A lo largo de la historia, el pescado y los frutos del mar han sido además una fuente de poder económico.

Durante las décadas recientes, el consumo de pescado per cápita se ha extendido por todo el mundo.

Además de comerlo fresco, técnicas como ahumarlo o salarlo se han usado para preservar pescado, y el salmón en específico es tradicional en las cocinas de la Federación Rusa, Reino Unido y Escandinavia.

Una de las principales razones por las que el consumo de pescado ha aumentado es el deseo de alimentarse de una manera más sana.

Es un alimento anádromo pues nace en agua dulce para luego pasar gran parte de su vida navegando en el océano hasta que regresa a su lugar de nacimiento para procrear.

Se cree que el mecanismo que hace posible que obedezcan a ese extraordinario instinto es la memoria olfativa. Esa es una de las razones por las que este pez inteligente e intuitivo es considerado como un "alimento para el cerebro".

Las variedades de salmón usualmente se clasifican de acuerdo al océano en el que están localizados.

En el Pacífico son considerados parte del género Oncorhynchus, y en el Atlántico, pertenecen al género Salmo.

En el Atlántico sólo hay una especie migratoria, aunque existen cinco especies de salmón en el Pacífico: salmón real o chinook o chinuc; rojo; coho o plateado; rosado; y keta o chum.

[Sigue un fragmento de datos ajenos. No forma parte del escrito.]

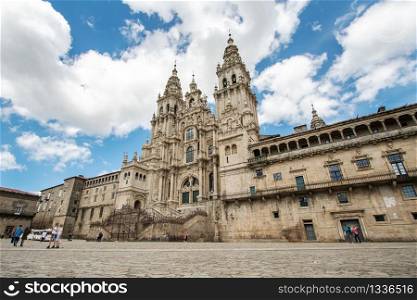 Santiago de Compostela cathedral low angle view from Obradoiro square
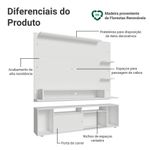 Rack com painel para tv até 60 polegadas 180 cm branco cancun madesa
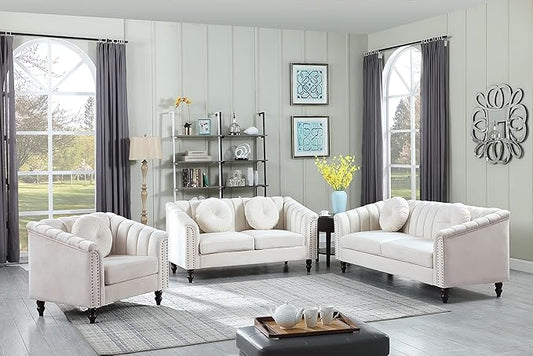 Contemporary Microfiber Fabric Sofa Set, Living Room Furniture Set, Couch Set for Living Room Furniture, Modern Office Sofa Sets Apply to Home and Office (White, Full Set)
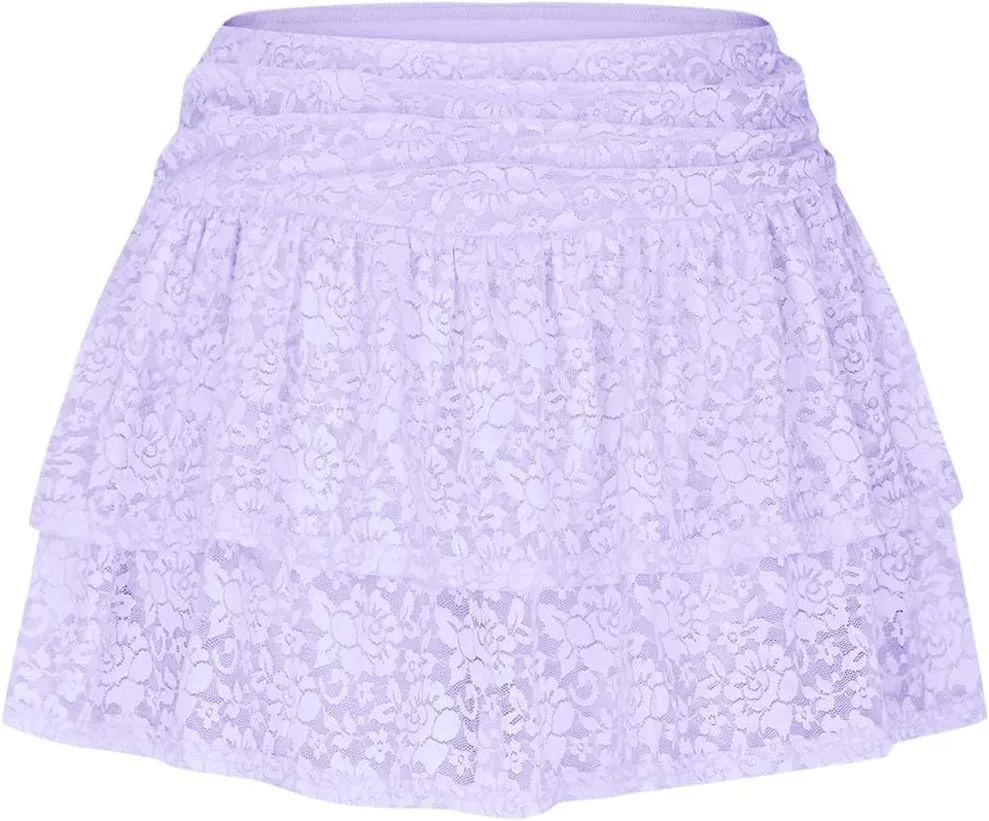 Women's Floral Lace Skirts Pleated Mini Skirt Sexy High Waisted Ruffles Lingerie Short Skirts Aesthetic Streetwear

La carne de los salmones es típicamente rosa, pero su color puede ir desde el rojo hasta el naranja.

El salmón real y el rojo son más grasosos que el rosado y el chum, mientras que el coho está en la mitad.

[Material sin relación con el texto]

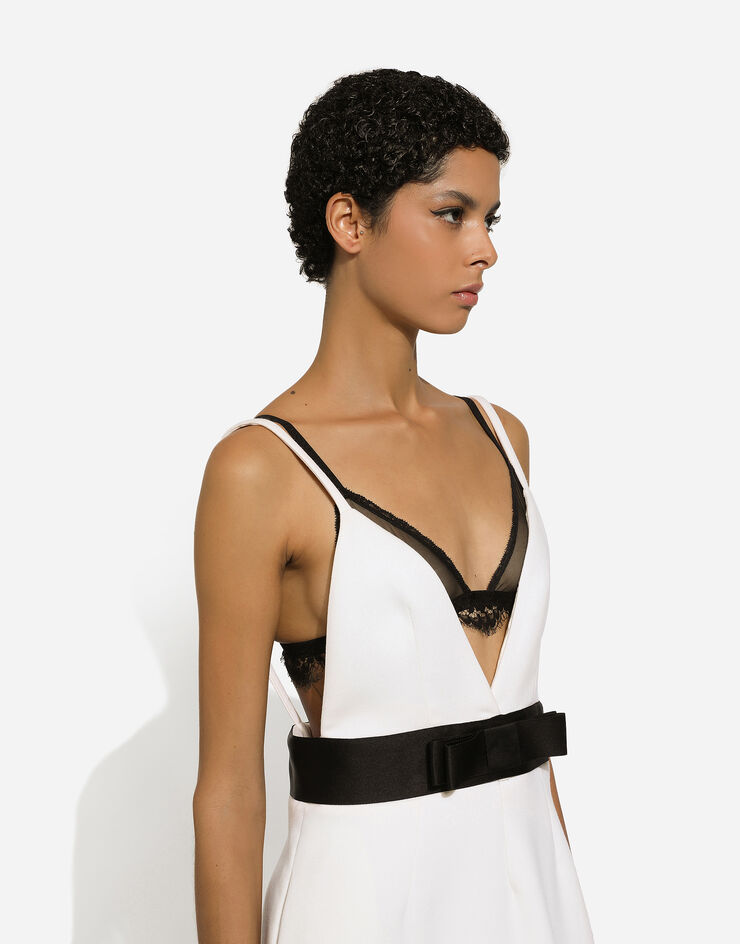 Dolce & Gabbana Short woolen dress with satin belt and straps White F6JEYTFUBGE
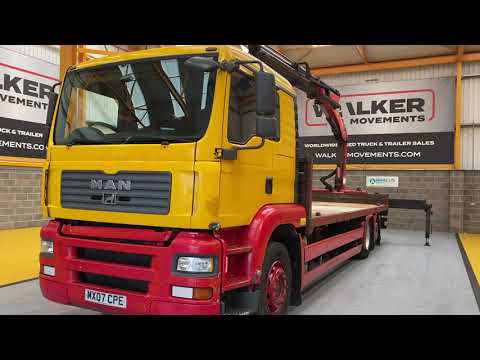 New In Stocklist For Sale: MAN TGA 26.360, 6X2 26 TONNE DRAWBAR SPEC FLATBED CRANE - 2007 - MX07 CPE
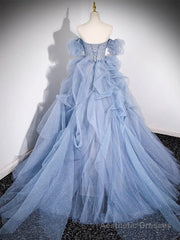 A-line Blue Tulle Long Prom Dress, Blue Long Evening Dress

El real es el más grande y el rojo el más pequeño. Ventajas nutricionales


El pescado y los frutos del mar están repletos de nutrientes y el salmón no es la excepción. Fuente excelente de proteína de alta calidad, vitaminas y minerales (incluyendo potasio, selenio y vitamina B12).

Pero es su contenido de ácidos grasos omega-3 lo que recibe más atención.

100 gramos de salmón contienen: 231 calorías, 25 gramos de proteína, 3,2 gramos de grasa saturadas, 85 miligramos de colesterol.

Los científicos ahora plantean que el consumo de pescado puede reducir el riesgo de varios cánceres, así como muchas enfermedades crónicas como la de Alzheimer, asma, depresión, diabetes, presión alta, degeneración macular, esclerosis múltiple y artritis reumatoide.

Al Omega-3 se le denomina como un ácido graso esencial pues el cuerpo no lo puede sintetizar por sí solo y debe obtenerlo de la dieta.

Para optimizar el suministro de estas grasas esenciales es ideal comer pescado graso o azul al menos tres veces a la semana.